Repas scolaires en Karamoja
Dans le district de Nakapiripirit, en région Karamoja, 20 000 élèves de 33 écoles recevront des repas quotidiens nutritifs. Cette zone voit 85% de sa population vivre dans la pauvreté extrême, et trois quarts des écoliers sans accès à un repas scolaire. Ce programme améliore la fréquentation scolaire, réduit le décrochage – surtout chez les filles – et relie les écoles aux agriculteurs locaux, y compris les groupes dirigés par des femmes.
Déclarations des responsables
Lauren Landis, directrice du PAM en Ouganda, a salué cette contribution : elle arrive à un moment critique face aux défis de financement, permettant de sauver des vies, de stimuler les économies locales et de prévenir la malnutrition de manière proactive via des aliments nutritifs durables.
L’ambassadeur de France, Virginie Leroy, a exprimé la fierté de son pays pour cette aide : elle reflète l’engagement contre l’insécurité alimentaire et soutient la politique exemplaire d’accueil ougandaise.

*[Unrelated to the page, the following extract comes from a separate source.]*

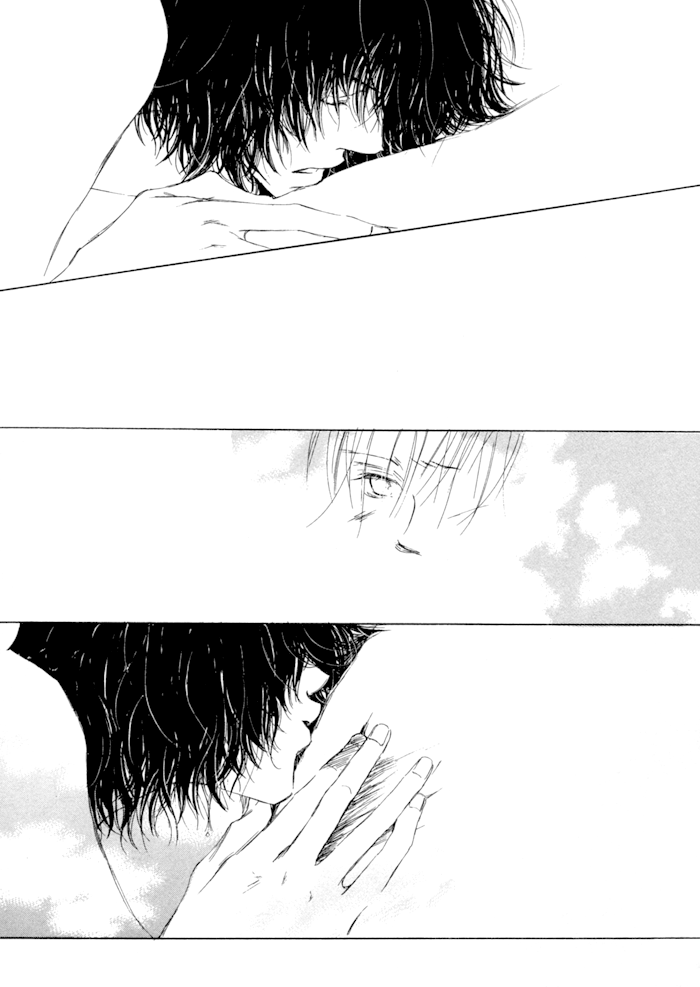 Honey Baby Chapter 6 page 18 - Chapter 6: S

Elle a insisté sur les repas scolaires qui boostent l’énergie pour apprendre et renforcent les systèmes alimentaires communautaires.
Autres contributions et défis persistants
La France n’est pas seule : l’Union européenne a récemment financé la sécurité alimentaire pour 12 600 réfugiés et 5 400 communautés hôtes, tandis que le Danemark aide 80 000 nouveaux arrivants. Paris avait déjà versé 200 000 euros via son ambassade pour les besoins alimentaires urgents.
Malgré ces efforts, la crise humanitaire globale en 2025 pèse lourd. Les appels à l’aide humanitaire ont doublé ces dernières années, mais les fonds couvrent souvent moins de la moitié des besoins. En Ouganda, la récatégorisation des bénéficiaires en mai 2025 vise à optimiser les ressources limitées.
Perspectives pour la résilience à long terme
Ce partenariat franco-ougandais via le PAM met l’accent sur une approche intégrée : secours immédiat et renforcement des capacités. En favorisant l’agriculture locale et la nutrition préventive, il vise à bâtir une résilience durable face aux conflits et aux chocs climatiques. L’Ouganda, avec sa générosité d’accueil, reste un modèle, mais appelle à un soutien international accru pour éviter une détérioration humanitaire.
Cette initiative française illustre un engagement concret pour les plus vulnérables, dans un monde où les crises alimentaires touchent des millions. Les prochaines étapes dépendront de la mobilisation continue des donateurs face à l’urgence persistante.